Item
1.01 Entry into a Material Definitive Agreement.
As
previously disclosed, on June 4, 2019, SINTX Technologies, Inc. (the “Company”) entered into an Equity Distribution
Agreement, dated June 4, 2019 (the “Distribution Agreement”), with Maxim Group LLC (“Maxim”). Since June
4, 2019, the Company has sold the maximum number of shares of its common stock, $0.01 par value per share, available under the
Distribution Agreement. On September 12, 2019, the Company and Maxim entered into an amendment (the “Amendment”) to
the Distribution Agreement to increase the number of shares of the Company’s common stock that may be sold from time to
time from $1,600,000 to an aggregate offering price of $2,512,000 (the “Shares”) through Maxim, as agent (the
“Offering”). On September 12, 2019, the Company filed a prospectus supplement with the Securities and Exchange Commission
in connection with the Offering (the “Prospectus Supplement”) under its existing Registration Statement on Form S-3
(File No 333-230492), which became effective on April 5, 2019 (the “Registration Statement”).
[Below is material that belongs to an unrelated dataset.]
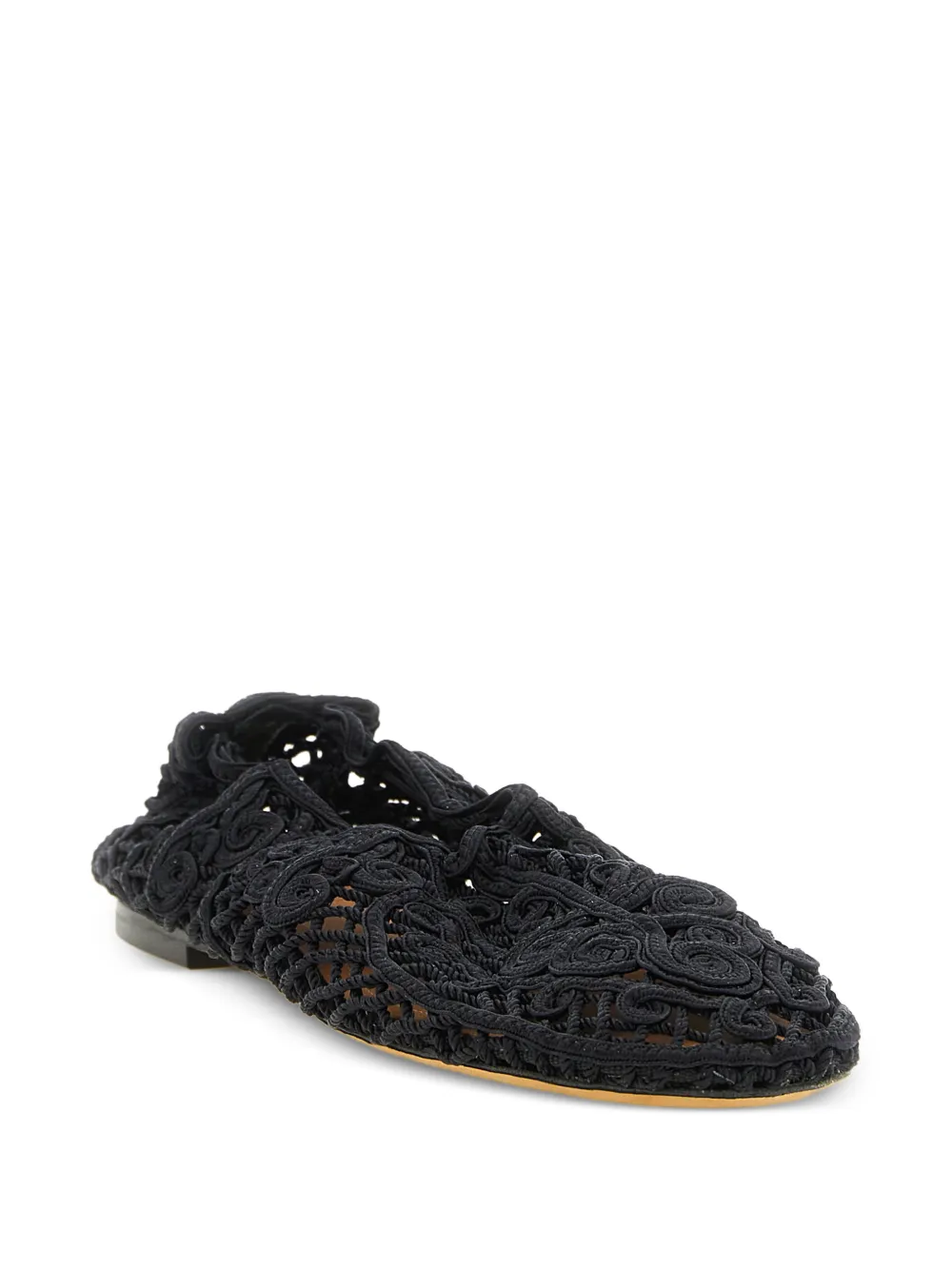  Odissi Iris Crochet-knit Ballet Flats - Black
The Amendment also provides
that the Distribution Agreement, as amended, and the Offering will terminate upon the earlier of (i) the sale of Shares having
an aggregate offering price of $2,512,000, (ii) the termination by either the Agent or the Company upon the provision of
fifteen (15) days written notice, or (iii) September 12, 2020. No other changes were made to the terms of the Distribution
Agreement.
The
Company intends to use the net proceeds from the sale of Shares for working capital and general corporate purposes. The Company
may also use a portion of the net proceeds to invest in or acquire businesses or technologies that the Company believes are complementary
to its own, although the Company has no current plans, commitments or agreements with respect to any acquisitions as of the date
of this Current Report on Form 8-K.
The
foregoing description of the Amendment does not purport to be complete and is qualified in its entirety by reference to the full
text of the Amendment, a copy of which is filed hereto as Exhibit 10.1.
This
Current Report on Form 8-K shall not constitute an offer to sell or the solicitation of an offer to buy the Shares, nor shall
there by any offer, solicitation or sale of the Shares in any state or country in which such offer, solicitation or sale would
be unlawful prior to registration or qualification under the securities laws of any such state or country.
Dorsey
& Whitney LLP, counsel to the Company, has issued a legal opinion relating to the Shares. A copy of this legal opinion, including
the consent included therein, is attached as Exhibit 5.1 hereto.
Any
shares offered and sold in the Offering will be issued pursuant to the Company’s Registration Statement, the prospectus
and the Prospectus Supplement relating to the Offering.
Forward-Looking
Statements
This
current report on Form 8-K contains forward-looking statements within the meaning of the Private Securities Litigation Reform
Act of 1995 (“PSLRA”). Such forward-looking statements include but are not limited to statements about the Offering
and other statements that are not historical facts. These forward-looking statements are subject to risks and uncertainties that
may cause actual results or events to differ materially from those projected, including but not limited to the risks that the
Offering does not occur when expected or at all because required conditions to closing are not satisfied on a timely basis or
at all. Readers are cautioned not to place undue reliance on the forward-looking statements, which speak only as of the date on
which they are made and reflect management’s current estimates, projections, expectations and beliefs. The Company undertakes
no obligation to publicly revise or update the forward-looking statements to reflect events or circumstances that arise after
the date of this report.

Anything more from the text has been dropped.